The following schedule sets forth the Company's contractual obligations and
commercial commitments as of May 3, 2003 (in thousands):




CONTRACTUAL OBLIGATIONS Less than 1 After
Total year 2-3 years 4-5 years 5 years
-------- ----------- --------- --------- --------

Long-Term Debt $301,462 $ 90,275 $ 61,235 $ 5,706 $144,246
Capital Lease Obligations (1) 187,639 14,325 29,868 26,481 116,965
Operating Leases (2) 180,095 19,497 33,427 30,112 97,059
Total Contractual Cash Obligations $669,196 $ 124,097 $124,530 $62,299 $358,270


(1) Capital lease obligations represent the total minimum future
obligations including interest.
(2) Operating leases are the aggregate future payments for operating
leases as of May 3, 2003, including closed stores.

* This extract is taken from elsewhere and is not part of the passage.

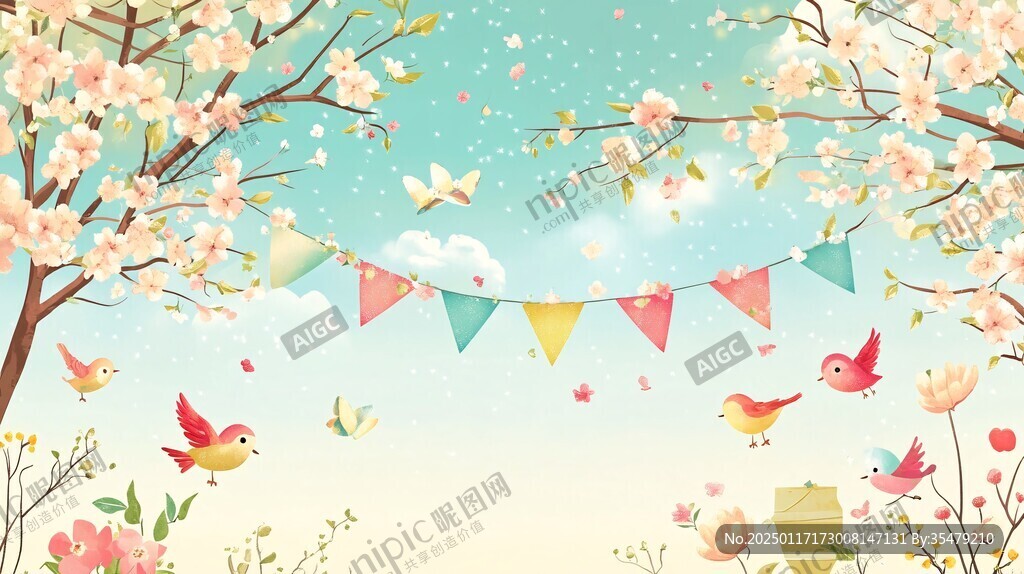 春天banner
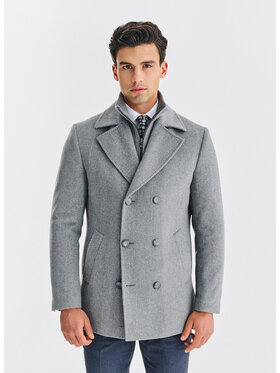 Pako Lorente Pako Lorente Płaszcz zimowy P25WF-7X-021 Szary Classic Fit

The Company believes that the Secured Credit Facility, and expected cash from
operations together with continued favorable vendor credit terms, will provide
sufficient liquidity to finance continuing operations, including planned capital
expenditures, for fiscal 2003. However, if the

18

Company's operating results were to deteriorate significantly for any reason, or
if the Company were to require significant additional capital for unexpected
events, the Company could suffer liquidity problems, which would materially
adversely affect its results of operations and financial condition. Furthermore,
as described above, the Company has a significant amount of debt obligations
maturing in the period from August 2003 to November 2004. While the Company
believes it will have sufficient liquidity to retire these debt obligations as
they mature, there can be no assurance that the Company will be able to retire
or refinance these obligations. If the Company cannot retire or refinance these
obligations as they mature, the Company's results of operations and financial
condition will be materially adversely affected.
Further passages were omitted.